Mexico’s second large quake in 12 days caused further damage to the country’s capital. Credit: Pedro Pardo/AFP/Getty

When a magnitude-7.1 earthquake struck central Mexico on 19 September, seismologists immediately wondered whether the tremor had any connection to the much larger jolt that hit off the country’s west coast 12 days earlier. Preliminary studies suggest that there is no direct link, but the pair of events this month has drawn renewed attention to Mexico’s seismic hazards.
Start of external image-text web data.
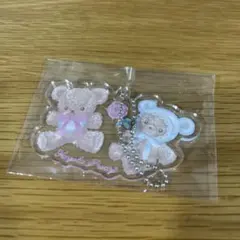 Angelic Pretty ミルキーベア ぬいぐるみチャーム - メルカリ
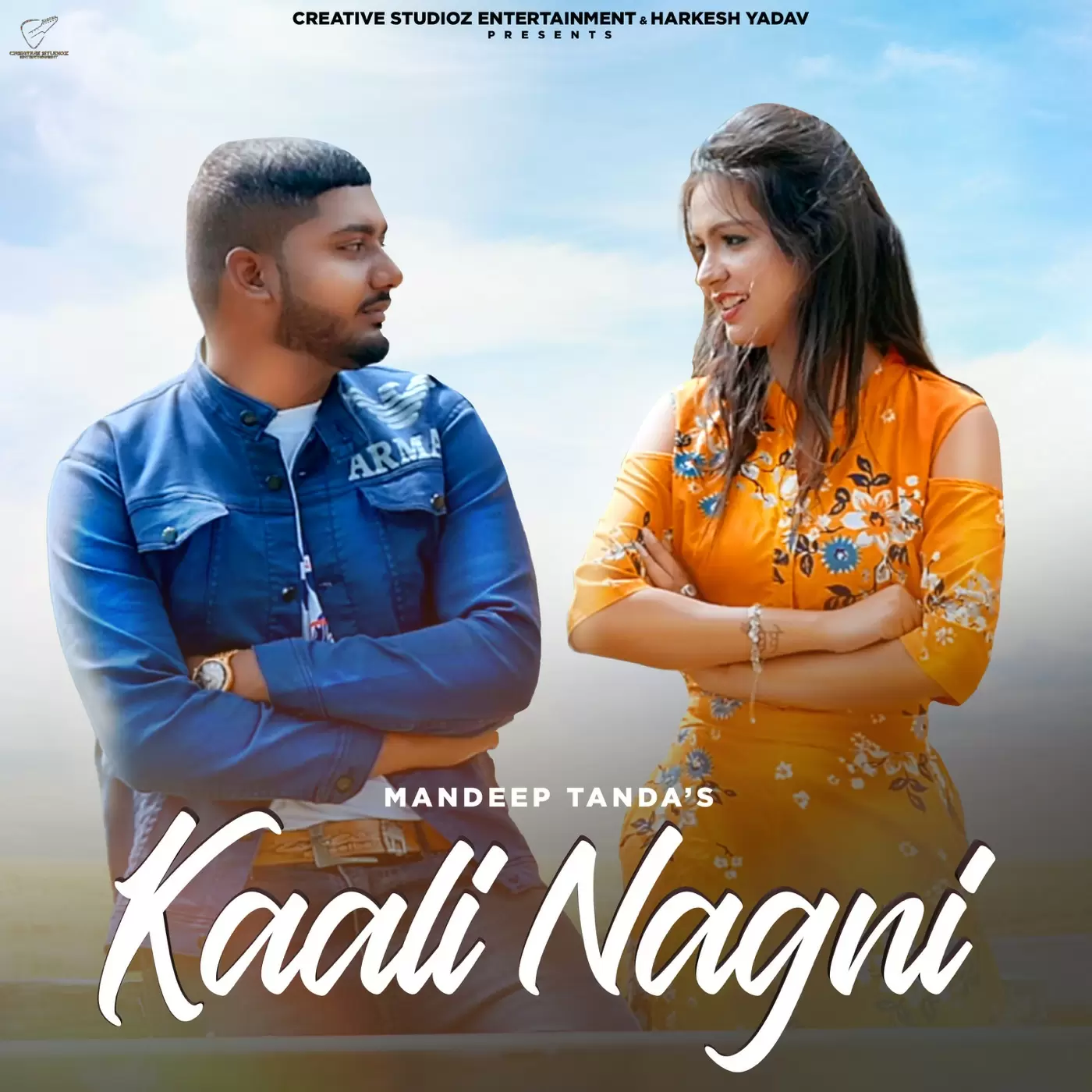Kaali Nagni Mandeep Tanda Mp3 Download Song - Mr-Punjab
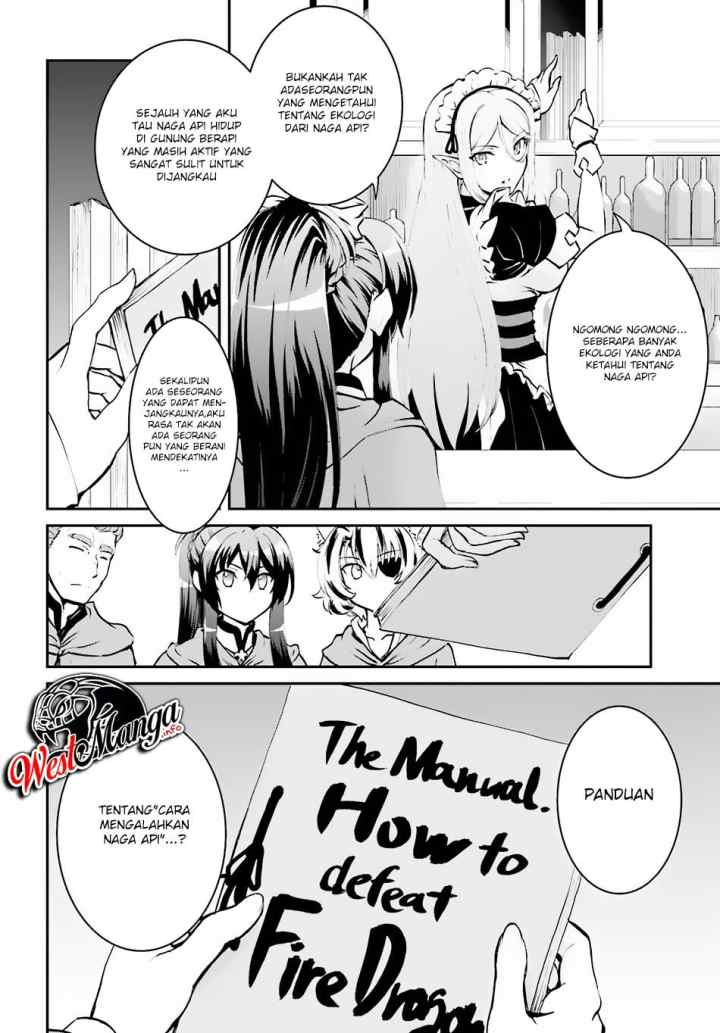 Maou Toubatsu Shita Ato, Medachitakunai node Guild Master ni Natta chapter 3.1 halaman 11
The two quakes struck in a geologically surprising area — in the middle of the Cocos tectonic plate. This piece of Earth’s outer shell dives beneath the North American plate off the country’s Pacific coast, which is where most of the region’s quakes tend to occur. But farther to the east, beneath Mexico itself, the Cocos plate flattens out for hundreds of kilometres under the North American plate before taking a second, steeper dive into Earth’s depths. This month’s quakes happened at two different spots in this flat section, owing to geological stresses from the weight of the plate as it plunges downward.

Shifting ground

The 19 September earthquake, which has killed more than 320 people, struck about 120 kilometres south of Mexico City, much of which is built on an ancient lake bed. That location makes the city vulnerable because tremors shake the sediments like a bowl of jelly (V. M. Cruz-Atienza et al. Sci. Rep. 6, 38807; 2016). 

At the National Autonomous University of Mexico (UNAM) in Mexico City, scientists clocked the highest ground accelerations recorded at the site since measurements began in 1964, says Victor Cruz-Atienza, head of the UNAM seismology department. The acceleration was nearly double that seen on 19 September 1985, when a magnitude-8.0 quake along the coast of Michoacan sent seismic energy rippling into the capital, killing more than 5,000 people.

Because the epicentre of the 19 September 2017 quake was so much closer to Mexico City than the one in 1985, which struck 350 kilo­metres away from the city, the shaking was much stronger. At least 45 buildings collapsed in the capital after last week’s quake.

If the 19 September tremor had lasted longer, the damage and death toll could have been even worse. UNAM calculations suggest that the magnitude-7.1 quake ruptured a section of the Cocos plate about 40 kilometres long and took only about 10 seconds, says Cruz-Atienza, so structures didn’t shake for long enough to cause more of them to fall. Building regulations have also been considerably strengthened since the 1985 disaster.

Some 95 people lost their lives in the magnitude-8.1 quake on 7 September. It was Mexico’s largest earthquake in more than a century, tearing about 80 kilometres of the Cocos plate and lasting for more than 40 seconds.

Looking for links

The occurrence of two earthquakes in such a short time in the middle of the Cocos plate had some scientists wondering whether they could be linked. But others are sceptical: “We don’t think there is a causal relationship between the events,” says Cruz-Atienza. 

In the long term, big earthquakes can increase the risk of nearby seismic activity by transferring stress within Earth’s crust to adjacent geological faults. But that sort of ‘static stress’ transfer would normally not happen at a distance as great as the 650 kilometres between the first and second quakes, says Gavin Hayes, a seismologist at the US Geological Survey in Golden, Colorado. Initial calculations by seismologists Ross Stein at Temblor — a California technology firm in Redwood City that runs an earthquake education app — and Shinji Toda of Tohoku University in Sendai, Japan, suggest that the static-stress increase after the first quake was negligible. 

A large earthquake can also set off another by ‘dynamic triggering’ as its seismic waves ripple outwards, affecting geological faults at much greater distances than static-stress transfer does. But dynamic triggering usually happens within hours or days of the initial quake, making the 12-day gap between the 7 September event and the 19 September tremor hard to explain, says Eric Fielding, a geophysicist at NASA’s Jet Propulsion Laboratory in Pasadena, California.

“If that happened, the question is why it waited so long to go,” he says.